Why don't the Americans appreciate good (different kinds) of bread? When I'm in the Supermarket it all feels the same, looks the same and tastes the same.... "Whole Wheat" means the same super-supersoft White-Bread-Style-Crap, just a bit darker and with Oatmeal on the top... The sound of the word "Vollkornbrot" makes me feel like a fourteen-year- old boy that thinks about Angelina Jolie at midnight...

And the so called "French Roll" is NOT like you get it in Europe!!! It's a shame to call it like this! (you have to order "Broetchen" in Germany, or a "Weckle" in Southern-Germany)

And when we talk about Prezels- every ****ing Wezels-Prezels-Shop got to be burned down until nothing is left at the face of the earth! What do they do with the Prezels? Suck them in fat? 

Mr. needagoodbread meatloaf


----------



## aprilb (Feb 4, 2006)

Weirdest place you could ever imagine but we now have over 40k population. 

You wouldn't think that a German Deli would work but there is one that's thriving. We don't even have a proper Italian Restaurant. (wish I had the funds) Plus there's a Thai Restaurant that is going to open soon. 
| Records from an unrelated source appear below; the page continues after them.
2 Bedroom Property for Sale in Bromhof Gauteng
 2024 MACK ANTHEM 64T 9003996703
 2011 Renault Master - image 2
We're talking a population that is part old time settled long term crazies, newbie LV or Californian well to dos, Casinos, a strong hispanic population and God knows. 

If you've done your research and found a nitch then by all means. 

I have a friend that sings a song about a guy named Dunderbeck to his grandkids. When I was 20 in NYC I remember going to a wonderful deli, Dunderbecks, that served sausages and German cuisine in all ways and forms. It wasn't until I heard the lyrics of the song that I put it together recently (30 YEARS later). It's kind of creepy but still a really cool name for a Deli. 

April


----------



## shroomgirl (Aug 11, 2000)

ummmmm German Deli.....STL has a strong German population.....real German butchershop with all kinds of sausages including some incredible liverwurst in a stomach pouch. STL home of Anheuser- Busch....or AB for short.
There was a great pretzel place that was on Jefferson dated back to 1830's that had little rye nubbins warm and salty or sticks....we even have pretzel guys in the median qtr mile from my home selling pretzels for a buck.

ummmm....pickles, saurkraut, crispy natural casing brats/weiners/wursts, brown mustards, strudels.....yummmy.....

So, just feel like a new adventure?


----------